Unify wasted no time in making noise at the conference as early this morning the company issued a press release providing more details on its not-so-stealthly product, Project Ansible. In case you're not familiar with Ansible, the product is Unify's next-generation UC platform designed at enabling the new world of work. The company had actually given a few details on the product in July of 2013 at its analyst conference, and then provided a few more highlights when it launched the name Unify in fall of 2013.

According to the press release, Unify has several pre-Beta trials currently underway that appear to be going well enough that the company gave some details behind its release schedule. Assuming the pre-Betas continue to be positive, we should see official Betas in May. Unify appears to be willing to eat its own dog food, as one of the Betas planned is Unify itself. This means those of us that interact with the company should be doing so over Ansible by summertime. The general availability of the product is scheduled for October of this and will be delivered via the cloud as a software as a service (SaaS) model.

Additionally, Unify announced some details around interoperability with existing products. By the end of 2014, Ansible will include connectors to on-premise OpenScape Voice deployments.
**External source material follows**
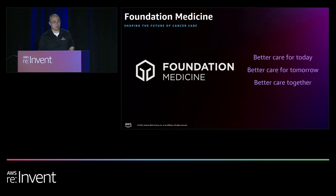Foundation Medicine is a patient-focused company. We provide comprehensive genomic profiling for cancer patients so we can recommend treatments and clinical trials, because we believe that every patient can benefit from this information to better inform their care. One of the things that drives us at Foundation is how do we get this information into the hands of our patients as quickly as possible — every minute counts.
This should enable Unify's customers to enjoy the benefits of Ansible while leveraging the investments made with existing products and then migrating at whatever pace they like. Unify also outlined another wave of its roadmap, highlighting integration with OpenScape Business and OpenScape 4000 by mid-2015, which creates a larger addressable market for Unify and its resellers.
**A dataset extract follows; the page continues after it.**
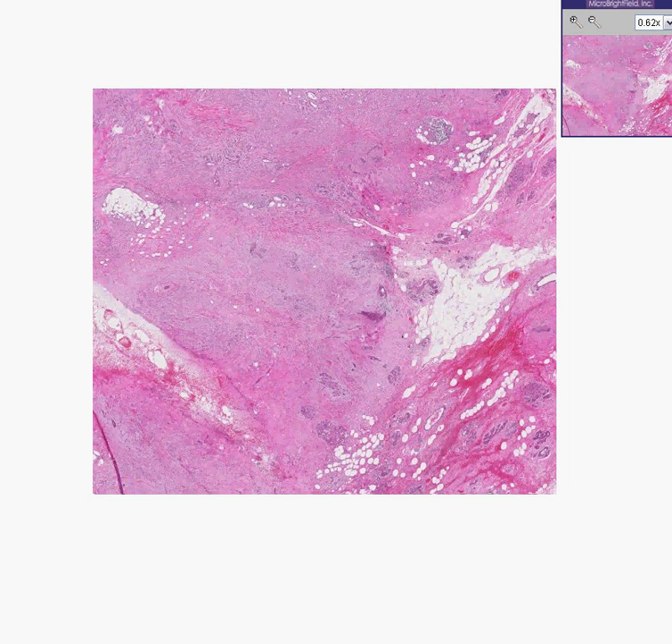Here is another biopsy of a breast tumor, which appears to be predominantly fibrous with a little bit of fat, some blood vessels, some hemorrhage. You can see some lobules out here.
Additionally, Unify outlined a number of product feature details about Project Ansible, including the following:

• Unify claims that Project Ansible will be the first business grade UC offering that leverages WebRTC. Given the product is still several months from general availability, it will be interesting to see if they are indeed the first one, but it's good to know that WebRTC support is coming from Unify.
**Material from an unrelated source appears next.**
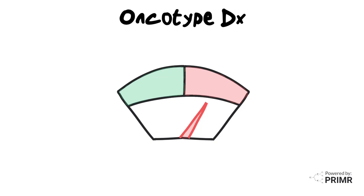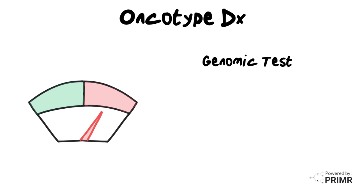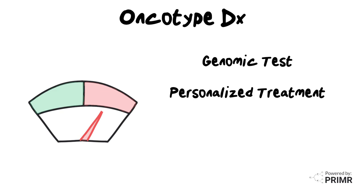This video is an overview of the Oncotype DX test for patients with breast cancer. Oncotype DX is a genomic test that helps doctors make more personalized treatment decisions for patients with breast cancer.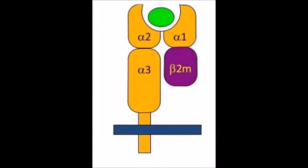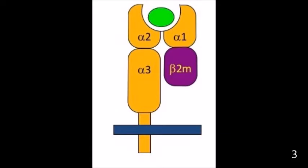Beta-2 microglobulin is a protein on the major histocompatibility complex 1, also known as MHC1. B2M forms the light chain on the complex. MHC1, shown in the artist's renditions here, has a heavy alpha chain and a light beta-2 microglobulin chain. Beta-2M binds to the alpha-3 heavy chain of MHC1 via non-covalent interactions.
• The company announced mobile support and should have several apps ready for Apple devices when the product officially launches. It looks like Android will be close behind. My guess is that Windows Mobile will be next on the list, but given the relative share of Apple and Android, I'm not sure it matters.

• Unify also detailed a very extensive list of features such as:

o Seamless High Definition audio/video, 1:1, and group conversations

o Scheduled and ad-hoc conferencing

o Rich, textual messaging

o Enterprise social networking

o Search across persistent conversations, people and files

o Cross-device access to all messages, files, and real-time communication and collaboration capabilities (video, voice and screen sharing)

o Contact integration for LinkedIn and Outlook

o An "outstanding and guided user experience ensuring fast and simple ramp-up"

Some of these, such as conferencing and audio/video integration are obvious but it would be nice to get more detail on items like "rich, textual messaging", "enterprise social networking" and the "outstanding" user guide. These leave a fair bit of room for interpretation but again; it's certainly a positive to see these items on the list. The product aims to be a next generation work tool, and these are the tools that future generations of workers are using.

Lastly, Unify also confirmed that the name of the product will officially be Ansible. Initially I believe Unify wanted to use Ansible as the codename and then release the product under another name. I'm normally a bigger fan of names that actually mean something but the company (I know, boring) has done such a good job of branding Ansible, I think it makes sense to keep the name around.

It's great to see Unify making positive progress with Ansible and to finally see some details around deployment timeline and a partial feature list. So a warm wave goodbye from Enterprise Connect to Siemens Enterprise and hello to Unify.